* **Problem**:
Any pictures in the records below must be left out when you repeat the lines from the line containing "Tropical Palm Heart" through the line containing "Read more about" exactly.

* **Entries supplied**:
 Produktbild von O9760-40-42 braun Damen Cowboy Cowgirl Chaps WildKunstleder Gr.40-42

* * *

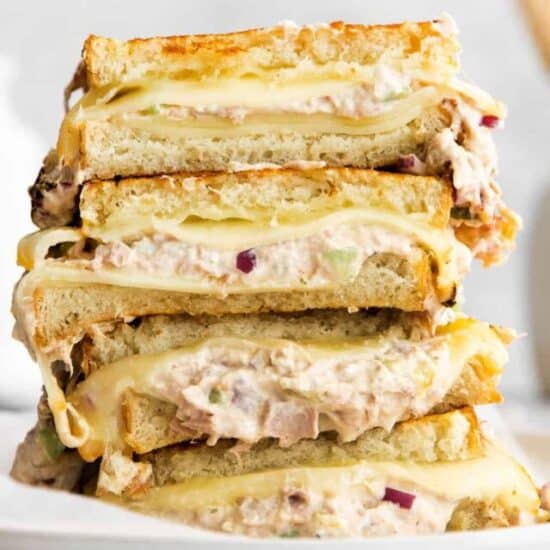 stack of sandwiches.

--

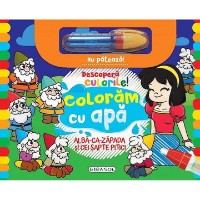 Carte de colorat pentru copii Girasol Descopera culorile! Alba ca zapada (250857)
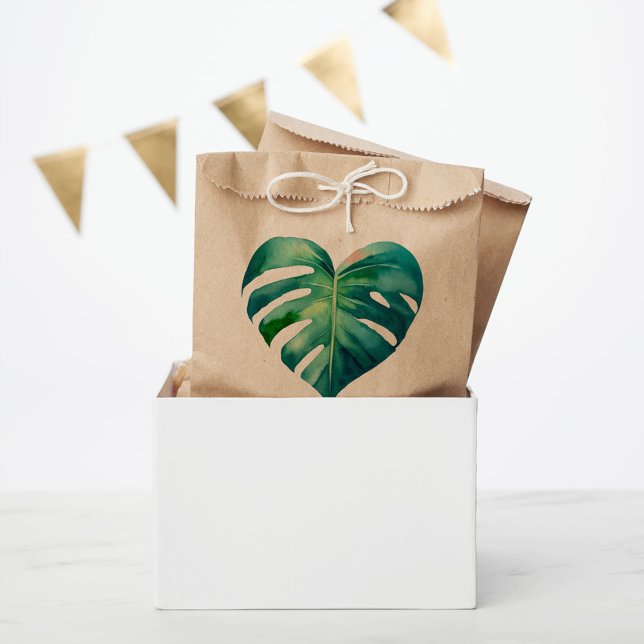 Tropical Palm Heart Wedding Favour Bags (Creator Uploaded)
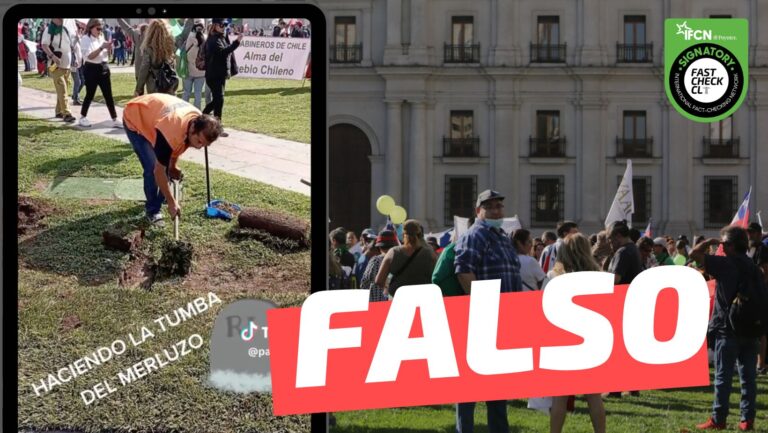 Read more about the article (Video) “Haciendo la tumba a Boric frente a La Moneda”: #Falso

* **Exercise answer**:
 Tropical Palm Heart Wedding Favour Bags (Creator Uploaded)
 Read more about the article (Video) “Haciendo la tumba a Boric frente a La Moneda”: #Falso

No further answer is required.